▸ **TASK INSTRUCTIONS**
Retype each line of the listing below, from the first through the one holding "Виноград Подарок Несветая", with no other lines.
Start of RECORDS FOR THE EXERCISE
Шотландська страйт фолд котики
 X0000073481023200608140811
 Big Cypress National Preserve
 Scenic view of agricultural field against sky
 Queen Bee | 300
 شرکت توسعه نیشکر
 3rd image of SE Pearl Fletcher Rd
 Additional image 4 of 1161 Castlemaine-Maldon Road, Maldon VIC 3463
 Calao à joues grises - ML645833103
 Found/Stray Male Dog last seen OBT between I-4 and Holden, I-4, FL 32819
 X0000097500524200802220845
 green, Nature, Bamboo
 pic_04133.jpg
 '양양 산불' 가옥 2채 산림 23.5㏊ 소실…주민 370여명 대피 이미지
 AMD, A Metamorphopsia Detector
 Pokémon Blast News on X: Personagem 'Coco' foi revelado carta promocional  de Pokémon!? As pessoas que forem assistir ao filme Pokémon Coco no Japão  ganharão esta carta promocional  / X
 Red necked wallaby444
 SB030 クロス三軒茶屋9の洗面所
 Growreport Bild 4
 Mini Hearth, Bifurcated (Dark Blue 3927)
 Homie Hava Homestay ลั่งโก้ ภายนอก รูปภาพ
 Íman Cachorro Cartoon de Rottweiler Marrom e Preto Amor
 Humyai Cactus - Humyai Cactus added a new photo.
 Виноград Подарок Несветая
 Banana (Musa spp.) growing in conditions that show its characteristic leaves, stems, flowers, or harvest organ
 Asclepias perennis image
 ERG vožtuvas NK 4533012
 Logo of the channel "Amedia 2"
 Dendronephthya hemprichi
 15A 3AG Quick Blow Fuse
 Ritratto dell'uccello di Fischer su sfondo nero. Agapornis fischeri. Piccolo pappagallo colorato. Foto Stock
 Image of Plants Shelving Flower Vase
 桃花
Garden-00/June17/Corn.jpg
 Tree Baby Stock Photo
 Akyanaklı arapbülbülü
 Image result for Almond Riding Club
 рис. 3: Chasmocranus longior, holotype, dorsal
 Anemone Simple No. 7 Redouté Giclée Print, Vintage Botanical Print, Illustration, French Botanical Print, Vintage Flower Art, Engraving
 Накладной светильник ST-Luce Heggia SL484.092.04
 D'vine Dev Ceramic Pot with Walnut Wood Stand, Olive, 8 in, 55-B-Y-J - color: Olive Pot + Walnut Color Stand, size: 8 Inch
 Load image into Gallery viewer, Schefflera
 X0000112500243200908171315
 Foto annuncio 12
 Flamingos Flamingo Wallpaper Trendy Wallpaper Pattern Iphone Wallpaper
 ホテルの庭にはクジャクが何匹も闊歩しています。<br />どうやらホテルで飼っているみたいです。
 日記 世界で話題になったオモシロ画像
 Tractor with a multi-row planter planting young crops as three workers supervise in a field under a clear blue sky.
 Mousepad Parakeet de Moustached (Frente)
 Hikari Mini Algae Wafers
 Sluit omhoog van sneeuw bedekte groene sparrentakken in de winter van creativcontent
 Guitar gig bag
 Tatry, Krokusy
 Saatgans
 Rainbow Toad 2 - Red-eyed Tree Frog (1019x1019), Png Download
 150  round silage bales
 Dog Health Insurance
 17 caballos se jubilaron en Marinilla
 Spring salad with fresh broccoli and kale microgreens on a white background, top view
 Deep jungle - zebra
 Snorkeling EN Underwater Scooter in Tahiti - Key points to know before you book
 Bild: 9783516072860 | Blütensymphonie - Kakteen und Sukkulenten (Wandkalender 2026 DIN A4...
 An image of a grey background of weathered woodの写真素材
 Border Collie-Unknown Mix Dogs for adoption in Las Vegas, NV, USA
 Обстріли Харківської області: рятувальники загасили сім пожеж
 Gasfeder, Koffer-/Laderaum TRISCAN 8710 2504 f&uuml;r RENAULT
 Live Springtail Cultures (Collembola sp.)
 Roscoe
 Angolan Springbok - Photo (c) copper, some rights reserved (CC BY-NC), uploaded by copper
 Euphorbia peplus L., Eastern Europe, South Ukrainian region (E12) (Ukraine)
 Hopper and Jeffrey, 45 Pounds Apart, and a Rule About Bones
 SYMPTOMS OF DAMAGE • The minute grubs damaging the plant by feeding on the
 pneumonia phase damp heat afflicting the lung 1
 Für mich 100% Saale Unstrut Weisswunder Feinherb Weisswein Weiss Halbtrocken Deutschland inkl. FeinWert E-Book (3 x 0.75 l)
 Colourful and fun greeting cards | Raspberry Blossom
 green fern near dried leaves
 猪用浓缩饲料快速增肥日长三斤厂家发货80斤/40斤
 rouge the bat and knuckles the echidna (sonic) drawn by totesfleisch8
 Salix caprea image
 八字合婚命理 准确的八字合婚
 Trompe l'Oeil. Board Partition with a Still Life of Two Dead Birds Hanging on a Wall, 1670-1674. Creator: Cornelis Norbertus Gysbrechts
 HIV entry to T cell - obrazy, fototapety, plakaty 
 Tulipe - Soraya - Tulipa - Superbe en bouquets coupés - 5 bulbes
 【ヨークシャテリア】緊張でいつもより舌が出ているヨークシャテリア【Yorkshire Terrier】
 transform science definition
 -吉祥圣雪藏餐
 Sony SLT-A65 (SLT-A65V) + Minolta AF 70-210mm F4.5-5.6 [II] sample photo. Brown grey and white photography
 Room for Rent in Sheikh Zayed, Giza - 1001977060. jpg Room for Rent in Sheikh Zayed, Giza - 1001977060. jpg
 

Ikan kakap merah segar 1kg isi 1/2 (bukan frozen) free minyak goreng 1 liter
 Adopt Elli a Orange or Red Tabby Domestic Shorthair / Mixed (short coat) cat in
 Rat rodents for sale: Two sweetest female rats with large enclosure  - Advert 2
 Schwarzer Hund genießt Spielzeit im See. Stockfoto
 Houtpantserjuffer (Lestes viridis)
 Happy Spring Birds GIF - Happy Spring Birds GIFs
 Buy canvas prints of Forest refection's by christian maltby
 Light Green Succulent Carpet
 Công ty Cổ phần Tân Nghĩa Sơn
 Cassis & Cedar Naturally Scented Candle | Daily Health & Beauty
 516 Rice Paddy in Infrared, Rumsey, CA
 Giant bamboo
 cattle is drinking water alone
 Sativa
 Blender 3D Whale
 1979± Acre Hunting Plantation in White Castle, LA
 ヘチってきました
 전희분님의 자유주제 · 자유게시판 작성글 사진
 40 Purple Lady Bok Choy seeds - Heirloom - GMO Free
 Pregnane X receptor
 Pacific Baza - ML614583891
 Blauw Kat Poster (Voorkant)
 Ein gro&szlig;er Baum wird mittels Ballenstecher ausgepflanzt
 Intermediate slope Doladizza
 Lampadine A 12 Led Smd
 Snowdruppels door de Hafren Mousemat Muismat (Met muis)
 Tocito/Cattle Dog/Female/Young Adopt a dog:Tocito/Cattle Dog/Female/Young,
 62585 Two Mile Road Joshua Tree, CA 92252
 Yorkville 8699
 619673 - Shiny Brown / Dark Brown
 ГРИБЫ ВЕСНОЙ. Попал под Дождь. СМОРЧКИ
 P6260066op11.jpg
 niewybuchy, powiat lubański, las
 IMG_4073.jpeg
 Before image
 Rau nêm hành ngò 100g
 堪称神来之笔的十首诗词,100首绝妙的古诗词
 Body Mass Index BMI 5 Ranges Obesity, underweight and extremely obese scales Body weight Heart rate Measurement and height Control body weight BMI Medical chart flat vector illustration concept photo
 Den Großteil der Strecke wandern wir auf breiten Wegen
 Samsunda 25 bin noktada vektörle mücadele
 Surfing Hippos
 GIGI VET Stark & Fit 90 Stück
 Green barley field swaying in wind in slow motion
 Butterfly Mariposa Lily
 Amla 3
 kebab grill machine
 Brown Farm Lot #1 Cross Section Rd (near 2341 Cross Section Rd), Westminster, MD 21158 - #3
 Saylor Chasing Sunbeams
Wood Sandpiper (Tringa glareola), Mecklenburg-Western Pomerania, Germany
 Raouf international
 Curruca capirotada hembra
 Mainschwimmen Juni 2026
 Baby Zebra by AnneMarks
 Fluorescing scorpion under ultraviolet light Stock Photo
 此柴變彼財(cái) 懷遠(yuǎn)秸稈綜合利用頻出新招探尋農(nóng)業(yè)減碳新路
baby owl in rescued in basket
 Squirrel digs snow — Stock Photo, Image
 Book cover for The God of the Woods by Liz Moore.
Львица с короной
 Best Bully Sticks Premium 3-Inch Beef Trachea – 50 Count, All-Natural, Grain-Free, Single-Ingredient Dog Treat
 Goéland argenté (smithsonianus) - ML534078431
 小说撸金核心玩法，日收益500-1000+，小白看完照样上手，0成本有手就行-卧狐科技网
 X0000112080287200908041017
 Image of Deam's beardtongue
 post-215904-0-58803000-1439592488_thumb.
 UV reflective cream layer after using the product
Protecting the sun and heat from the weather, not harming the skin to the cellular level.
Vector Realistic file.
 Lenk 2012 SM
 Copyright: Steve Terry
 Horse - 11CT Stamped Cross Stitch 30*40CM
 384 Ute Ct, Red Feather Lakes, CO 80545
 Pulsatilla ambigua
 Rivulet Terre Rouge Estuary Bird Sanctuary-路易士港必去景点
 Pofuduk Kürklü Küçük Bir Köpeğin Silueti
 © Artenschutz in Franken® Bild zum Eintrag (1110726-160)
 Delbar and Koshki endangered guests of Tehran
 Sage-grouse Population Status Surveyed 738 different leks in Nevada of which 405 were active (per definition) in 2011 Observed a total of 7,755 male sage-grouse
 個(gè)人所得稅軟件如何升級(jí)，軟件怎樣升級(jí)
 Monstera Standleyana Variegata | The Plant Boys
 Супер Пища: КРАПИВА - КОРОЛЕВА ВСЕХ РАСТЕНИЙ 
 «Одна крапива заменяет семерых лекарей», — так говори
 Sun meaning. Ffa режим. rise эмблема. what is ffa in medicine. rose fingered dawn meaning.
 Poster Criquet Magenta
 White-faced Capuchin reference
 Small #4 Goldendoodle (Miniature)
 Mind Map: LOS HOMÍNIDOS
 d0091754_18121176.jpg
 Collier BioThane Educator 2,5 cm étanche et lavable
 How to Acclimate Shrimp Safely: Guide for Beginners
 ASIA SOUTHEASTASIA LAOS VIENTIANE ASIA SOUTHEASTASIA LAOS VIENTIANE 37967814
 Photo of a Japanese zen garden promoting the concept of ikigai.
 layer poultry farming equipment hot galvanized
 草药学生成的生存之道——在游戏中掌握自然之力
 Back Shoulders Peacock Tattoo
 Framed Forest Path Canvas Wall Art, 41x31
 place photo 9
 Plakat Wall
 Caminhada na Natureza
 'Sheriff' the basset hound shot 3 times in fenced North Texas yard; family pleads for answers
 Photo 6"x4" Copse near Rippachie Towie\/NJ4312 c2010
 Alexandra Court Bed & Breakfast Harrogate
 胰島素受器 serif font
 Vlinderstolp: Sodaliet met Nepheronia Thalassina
End of RECORDS FOR THE EXERCISE
▸ **TASK ANSWER**
Шотландська страйт фолд котики
 X0000073481023200608140811
 Big Cypress National Preserve
 Scenic view of agricultural field against sky
 Queen Bee | 300
 شرکت توسعه نیشکر
 3rd image of SE Pearl Fletcher Rd
 Additional image 4 of 1161 Castlemaine-Maldon Road, Maldon VIC 3463
 Calao à joues grises - ML645833103
 Found/Stray Male Dog last seen OBT between I-4 and Holden, I-4, FL 32819
 X0000097500524200802220845
 green, Nature, Bamboo
 pic_04133.jpg
 '양양 산불' 가옥 2채 산림 23.5㏊ 소실…주민 370여명 대피 이미지
 AMD, A Metamorphopsia Detector
 Pokémon Blast News on X: Personagem 'Coco' foi revelado carta promocional  de Pokémon!? As pessoas que forem assistir ao filme Pokémon Coco no Japão  ganharão esta carta promocional  / X
 Red necked wallaby444
 SB030 クロス三軒茶屋9の洗面所
 Growreport Bild 4
 Mini Hearth, Bifurcated (Dark Blue 3927)
 Homie Hava Homestay ลั่งโก้ ภายนอก รูปภาพ
 Íman Cachorro Cartoon de Rottweiler Marrom e Preto Amor
 Humyai Cactus - Humyai Cactus added a new photo.
 Виноград Подарок Несветая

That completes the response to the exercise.